A bigger concern than any immediate impact on our infrastructure would be any secondary collisions from the impact debris and the garbage free floating in low orbit already.

Don't worry, the odds are against it. (2)

NotQuiteReal (608241) | more than 3 years ago | (#36574116)

This is why the oximoronic term "astronomically small" has been coined.

This is the metric system (0)

Anonymous Coward | more than 3 years ago | (#36573160)

Feel free to write "12 Mm".

Back in 2022? (1)

Braedley (887013) | more than 3 years ago | (#36573314)

How about we wait to calculate the next closest approach until after it's left Earth's gravity well. I know our understanding of spatial dynamics is pretty much complete (between Newton and Kepler, we have almost all the knowledge we need), but we've only known about this thing for, what, 3 days? Also, there's the whole "Orbital predictions indicate that its flight path will be significantly altered by this close approach" thing, which tells me we aren't 100% sure which way this thing will be leaving our neighbourhood. I don't want to be thinking that we won't be seeing this thing until 2022 when it comes a knocking in 2020.

Re:Back in 2022? (0)

Anonymous Coward | more than 3 years ago | (#36573446)

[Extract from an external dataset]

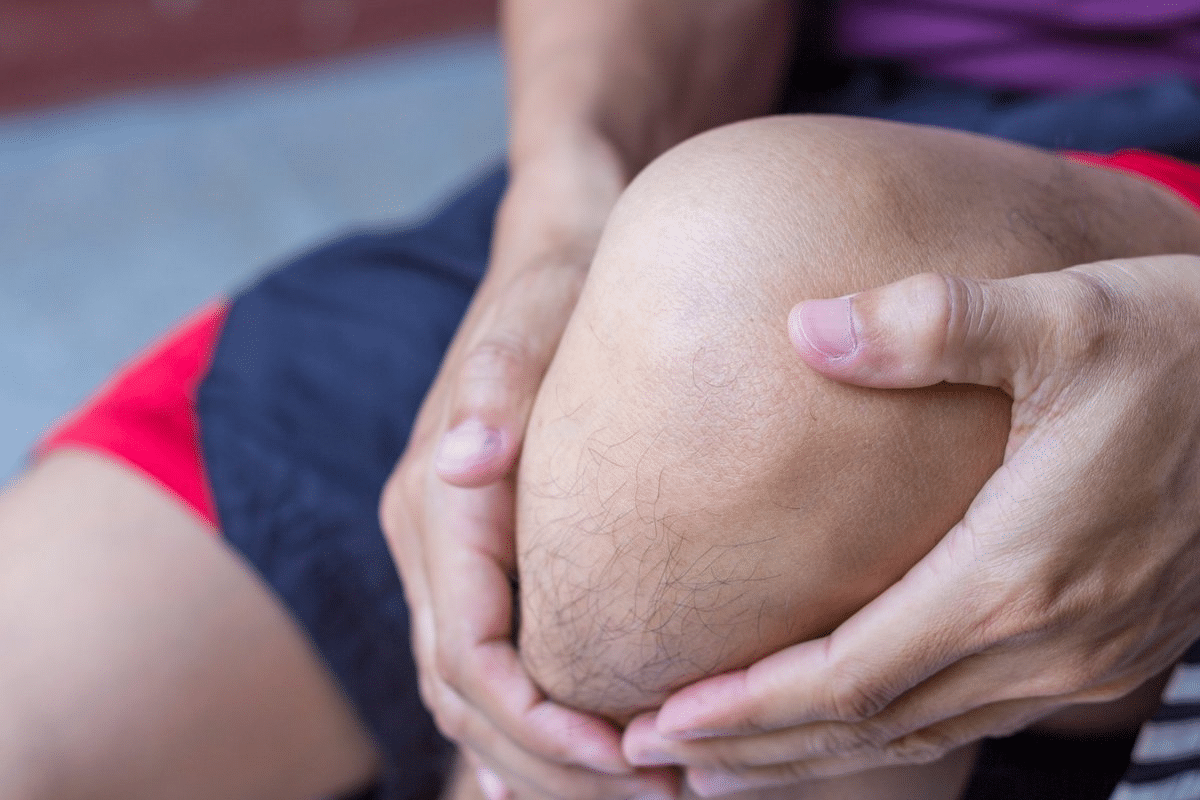 Key What Does OA Mean In Medical Terms: Understanding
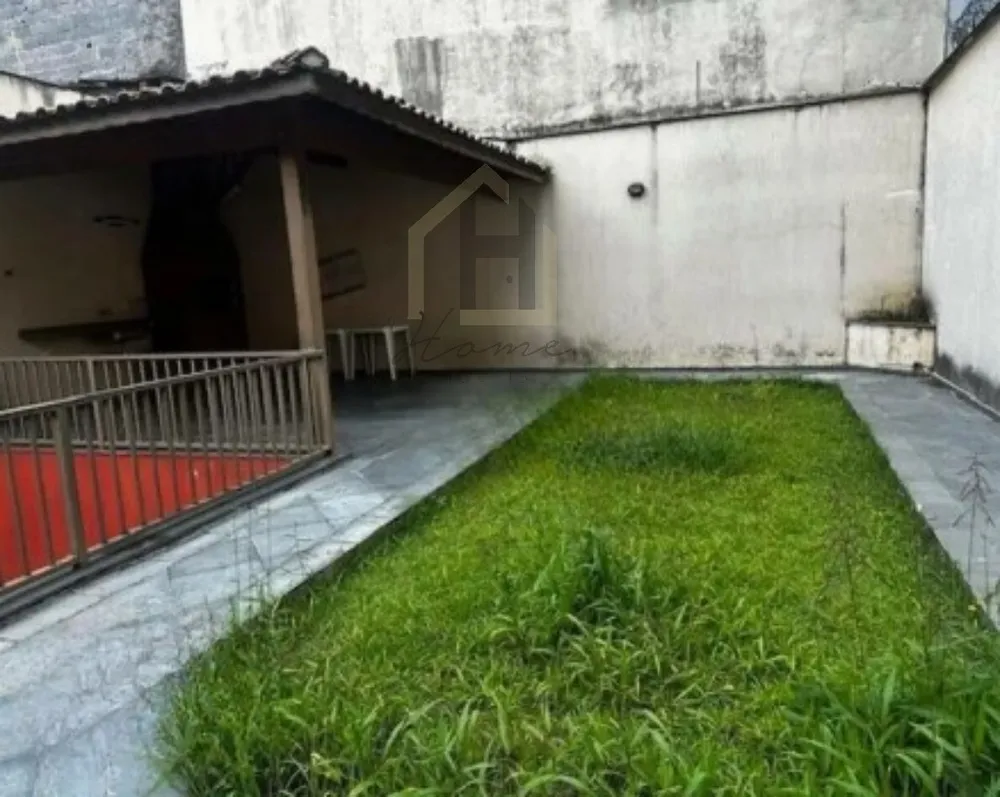 Apartamento, 3 quartos, 118 m² - Foto 22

How about we wait to calculate the next closest approach until after it's left Earth's gravity well.

How about we calculate it now, then calculate it again after it leaves Earth's gravity well? If we compare the results, we might even learn something about our prediction accuracy.

I won't be amused if theres a run on bottled water (0)

Anonymous Coward | more than 3 years ago | (#36573358)

dust masks, and flashlight batteries in university towns over the next few days

Get Zim to move it out of the way... (0)

Anonymous Coward | more than 3 years ago | (#36573910)

Zim can use Mars as a bulldozer.

Day Of The Comet... (0)

Anonymous Coward | more than 3 years ago | (#36574028)

I for one welcome our new zombie overlord masters.